Homeless activists Becky Johnson and Robert Norse. Photo by Dina Scoppettone.

When Robert Norse stood up at a 2002 Santa Cruz City Council meeting and gave a Nazi salute mocking the council, it was hard to imagine that it would launch what will probably be a decade-long fight between Norse and the city. Nine years later, the much-covered case will soon be going to trial for the first time.

The U.S. Supreme Court declined Monday to hear an appeal of a lower court’s decision to allow Norse’s lawsuit to proceed. City lawyers filed the petition over the summer, and the nation’s highest court upheld a December ruling by an 11-member panel of the 9th U.S. Circuit Court of Appeal that a judge should have heard evidence in the case. Next, courts will have to decide whether or not it was right for then Mayor Chris Krohn to throw Norse out of the meeting and have him arrested when the longtime council critic refused to leave.

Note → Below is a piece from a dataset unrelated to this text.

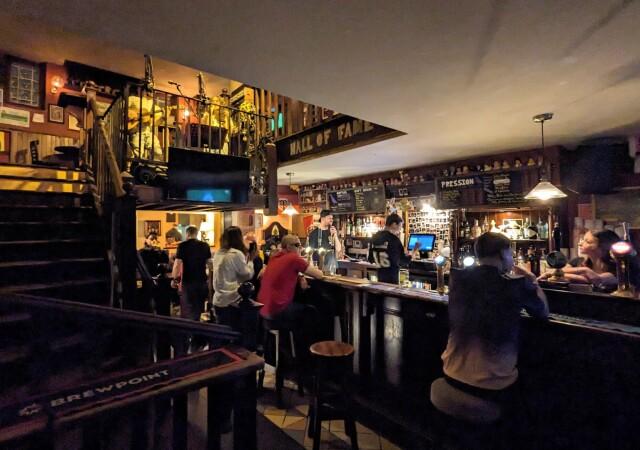 Best Sports Bars in Toulouse - The Tower of London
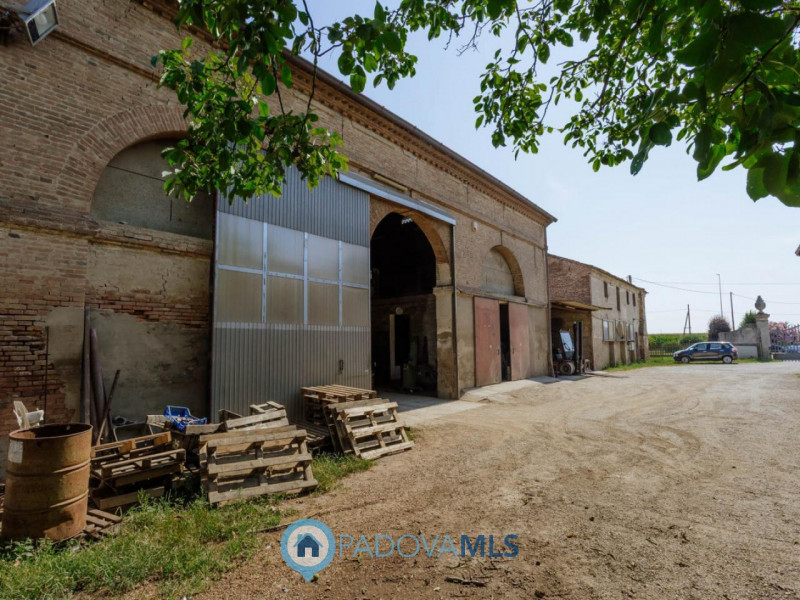 Immobile in esclusiva al Gruppo Padova MLS
Compendio immobiliare con più fabbricati e ampi spazi ...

The city has spent at least $150,000 so far on this case and will end up spending much more if they lose. Any possible settlement with homeless advocate Norse doesn’t appear to be going anywhere. Norse is asking the city to pay for all his legal fees, loosen public comment laws for council meetings, and repeal a sleeping ban that forbids camping on city property between 1 pm and 8:30am.